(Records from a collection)

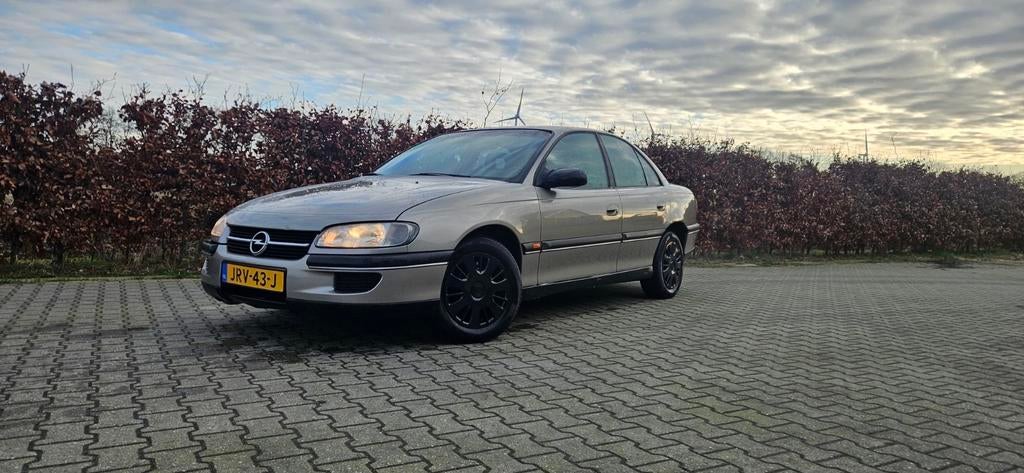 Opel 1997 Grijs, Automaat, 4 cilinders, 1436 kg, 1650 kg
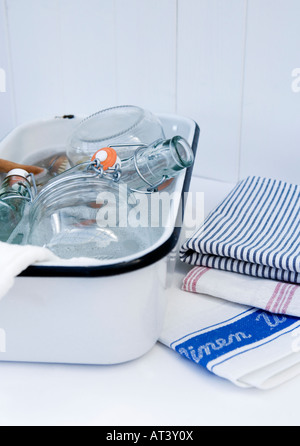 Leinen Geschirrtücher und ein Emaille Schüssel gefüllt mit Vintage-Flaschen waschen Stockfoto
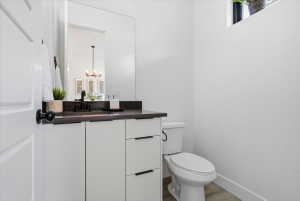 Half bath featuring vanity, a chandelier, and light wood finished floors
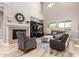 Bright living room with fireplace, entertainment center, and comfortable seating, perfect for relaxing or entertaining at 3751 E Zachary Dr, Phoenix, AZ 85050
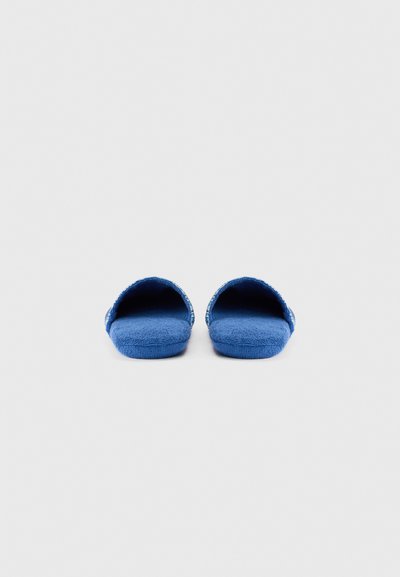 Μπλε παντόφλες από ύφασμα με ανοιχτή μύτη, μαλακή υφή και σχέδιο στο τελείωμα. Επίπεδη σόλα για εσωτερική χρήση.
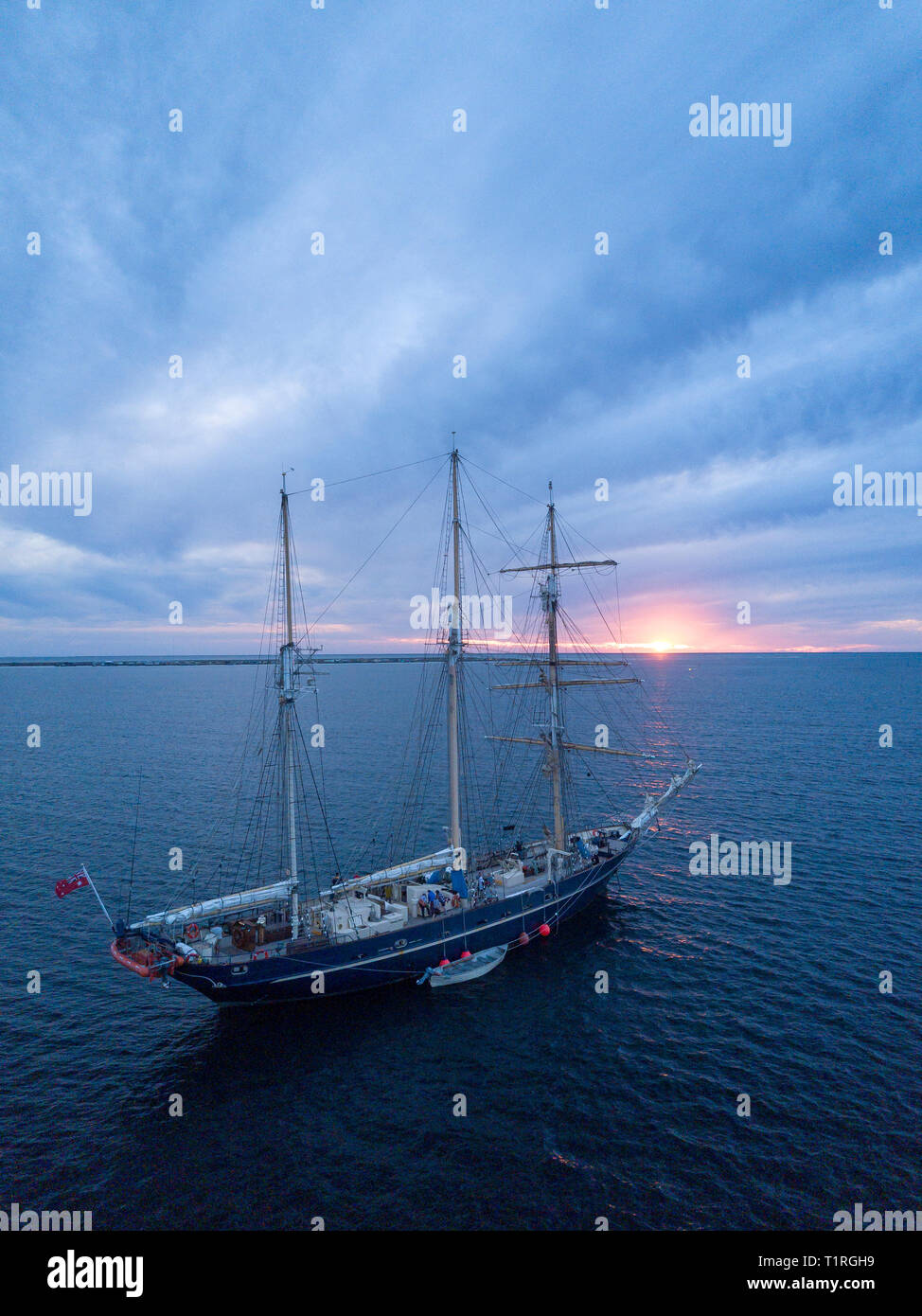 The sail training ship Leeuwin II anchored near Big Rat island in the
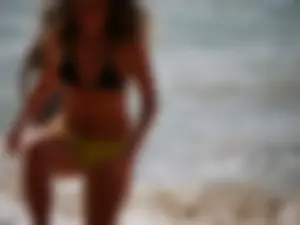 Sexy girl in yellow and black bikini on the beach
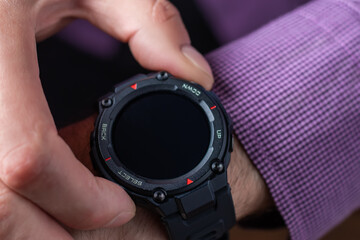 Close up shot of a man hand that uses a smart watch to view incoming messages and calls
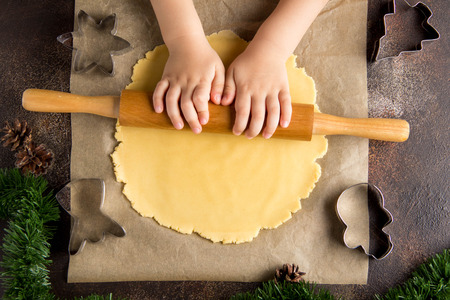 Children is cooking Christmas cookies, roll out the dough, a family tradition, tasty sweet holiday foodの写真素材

» What you need to do
With images excluded, write the records above out again exactly.

» Response
 Opel 1997 Grijs, Automaat, 4 cilinders, 1436 kg, 1650 kg
 Leinen Geschirrtücher und ein Emaille Schüssel gefüllt mit Vintage-Flaschen waschen Stockfoto
 Half bath featuring vanity, a chandelier, and light wood finished floors
 Bright living room with fireplace, entertainment center, and comfortable seating, perfect for relaxing or entertaining at 3751 E Zachary Dr, Phoenix, AZ 85050
 Μπλε παντόφλες από ύφασμα με ανοιχτή μύτη, μαλακή υφή και σχέδιο στο τελείωμα. Επίπεδη σόλα για εσωτερική χρήση.
 The sail training ship Leeuwin II anchored near Big Rat island in the
 Sexy girl in yellow and black bikini on the beach
 Close up shot of a man hand that uses a smart watch to view incoming messages and calls
 Children is cooking Christmas cookies, roll out the dough, a family tradition, tasty sweet holiday foodの写真素材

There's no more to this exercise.